# Cline Dog Box?



## Pudelpointer (Jul 27, 2010)

Looking for a top of the line dog box and was wondering if anyone had info on the Cline Line boxes being made in TX?


----------



## ejriggs (Jun 3, 2010)

It is my understanding that Cline went out of business some months back.


----------



## Pudelpointer (Jul 27, 2010)

They are still in business, I just spoke to them yesterday.


----------



## ejriggs (Jun 3, 2010)

Pudelpointer said:


> They are still in business, I just spoke to them yesterday.


 That is good to know!


----------



## Pudelpointer (Jul 27, 2010)

I was wondering if anyone who has owned one or has seen one let me know if they are well made.
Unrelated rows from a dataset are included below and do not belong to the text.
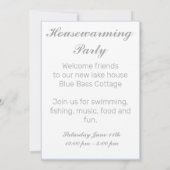 Anchor Lake Vacation Beach House Name Blue Stripes Einladung (Rückseite)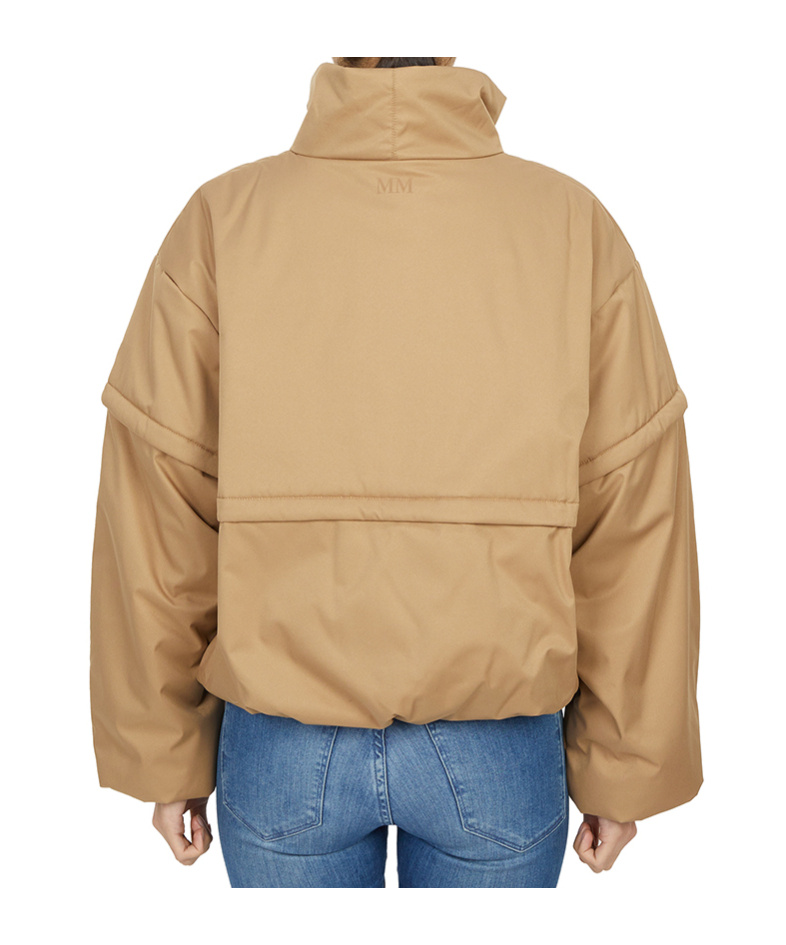 Max Mara Long-sleeved Cotton-padded Jacket In Brown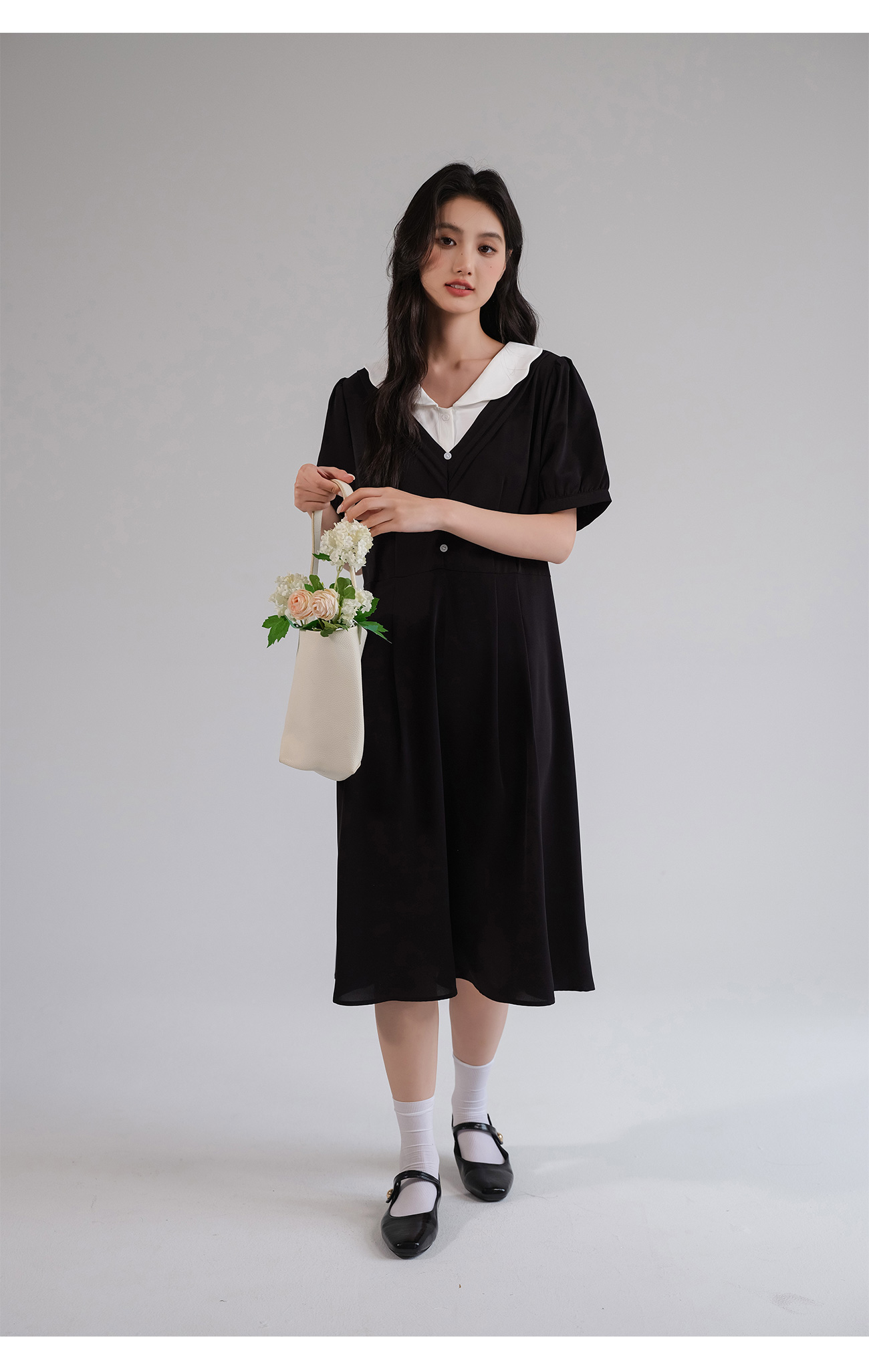 大人ワンピース ロング レイヤード風Vネックシフォンワンピース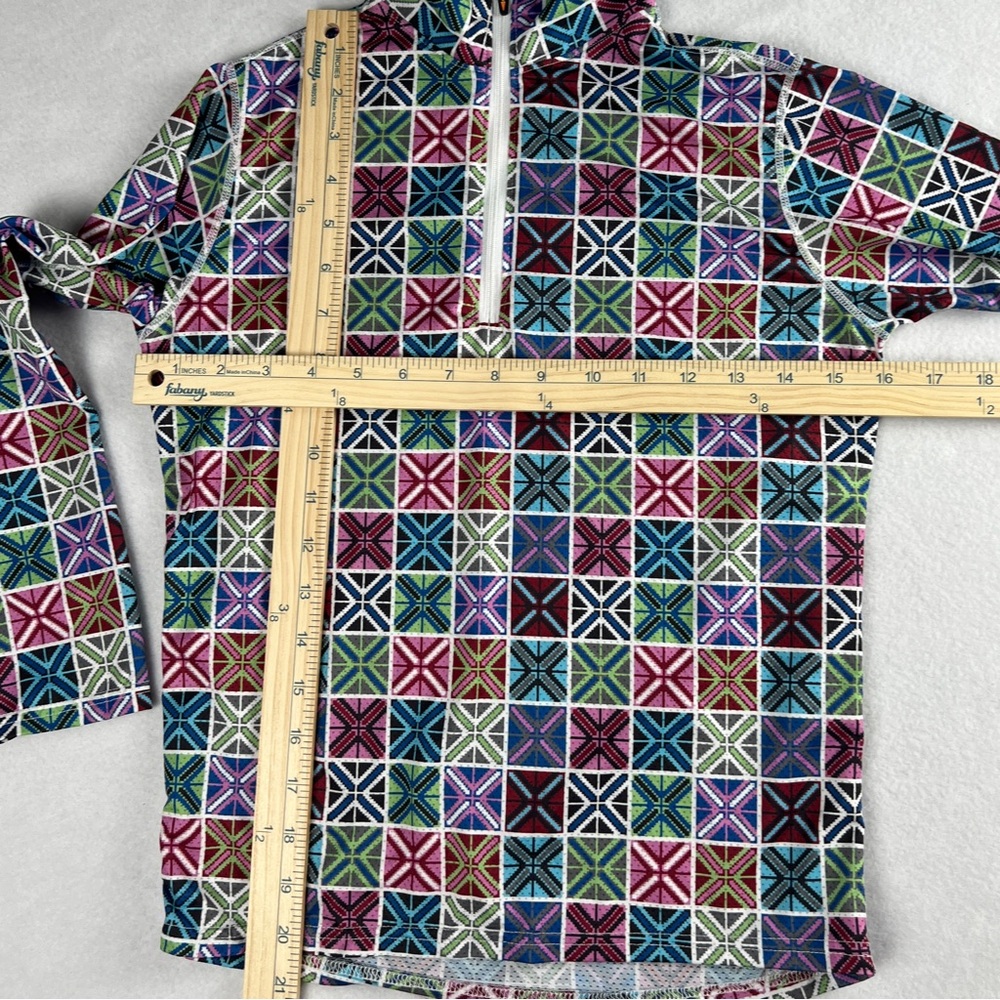 Kerrits Girl's Quarter 1/4 Zip Pullover Riding Top Equestrian Multicolor Large - Picture 3 of 6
They are a little less expensive than Deerskin, Ainley and MTK. Before I make an expensive mistake I was hoping to get some info.


----------



## Amy Read (Nov 15, 2007)

I am getting ready to post a for sale add on our 6 hole Cline trailer. We have been happy with it overall. It pulls great and the dogs are quite comfortable. The construction is a steel frame with an aluminum box on top which I like better than all aluminum. The torsion axle minimizes bounce and the storage is great. We did add ventilation and safety latches. Overall for the price I think they do a good job. If you are interested in buying ours, let me know, we are downsizing.

Amy


----------



## Pudelpointer (Jul 27, 2010)

Thanks for the info Amy, I am looking for a slide in with three hole max, no need for six. Good luck with your sale and I appreciate the feedback to my post!


----------



## ejriggs (Jun 3, 2010)

Use to train out at Cline's place and have seen his boxes around for years. He builds a nice box. Not as nice and DS or Ainley but they are not priced like them either. Think you will be happy, looking for a slid in as well and just got some pricing for CL so think that is the way I am going. To bad I can't get a "good buddy" discount


----------



## Pudelpointer (Jul 27, 2010)

Thanks for the info. He has a nice used 2 hole with fan, top storage, all aluminium but no insulation. Think I may go ahead and order one. Will try for the good buddy discount!


----------



## DKR (May 9, 2003)

Pudelpointer said:


> I was wondering if anyone who has owned one or has seen one let me know if they are well made. They are a little less expensive than Deerskin, Ainley and MTK. Before I make an expensive mistake I was hoping to get some info.


 
I have two Clinline boxes in my garage right now and they have given me several years of good service. Both have an aluminum frame with aluminum skin, both use a boat fan for exhaust. Good locks and good construction. But these are pretty much an economy box albeit at the upper end of the economy scale. One of the better aluminum boxes out there, I think about $500.00 a hole

Cline’s boxes are in a different category from Deerskin or Ainley. if you are looking at an ultimate box you would go to these two. Stainless steel construction much better super structure and a Cadillac insulation system but they are about $2000.00 a hole.


----------